◆ Instructions to follow:
Print only what runs from the line that includes "Brandweerwagen Gevouwen Note" to the end of the listing, word for word, and do not include any pictures.

◆ Provided data:
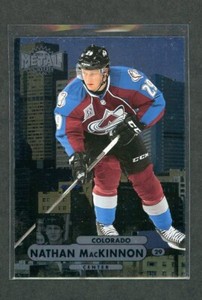 2013-14 FLEER SHOWCASE METAL UNIVERSE #MU-30 NATHAN MACKINNON  *12431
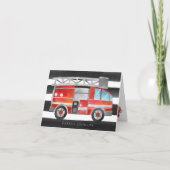 Brandweerwagen Gevouwen Note Kaart Stationery (Voorkant)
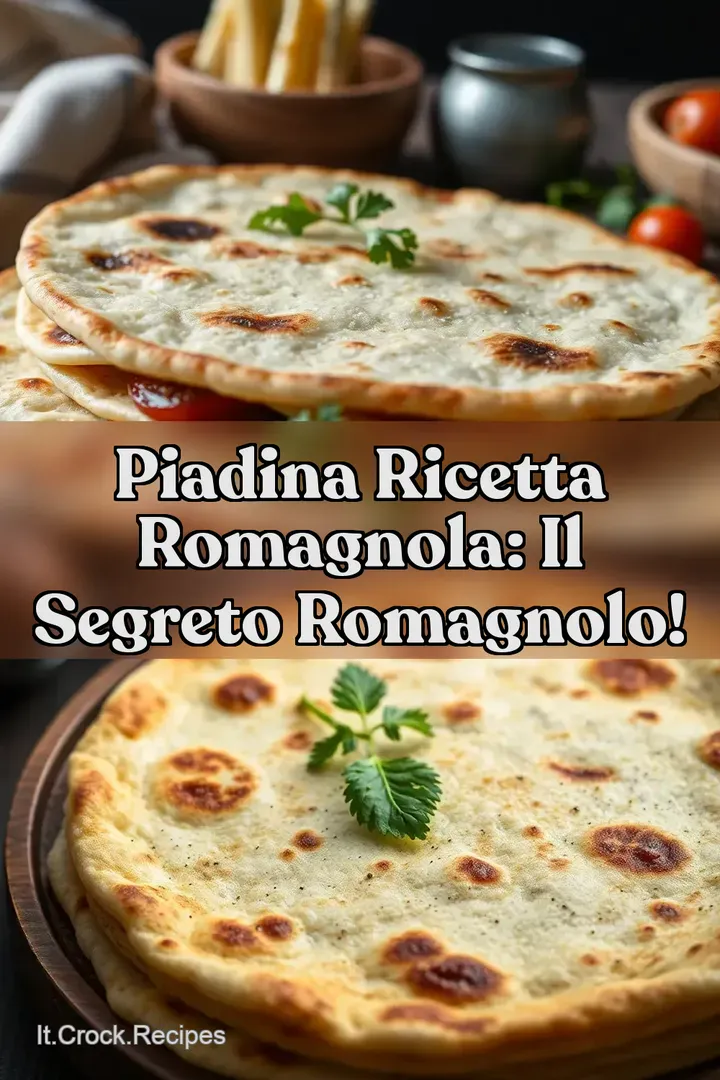Piadina Ricetta Romagnola: Il Segreto Romagnolo!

◆ Response for this exercise:
 Brandweerwagen Gevouwen Note Kaart Stationery (Voorkant)
Piadina Ricetta Romagnola: Il Segreto Romagnolo!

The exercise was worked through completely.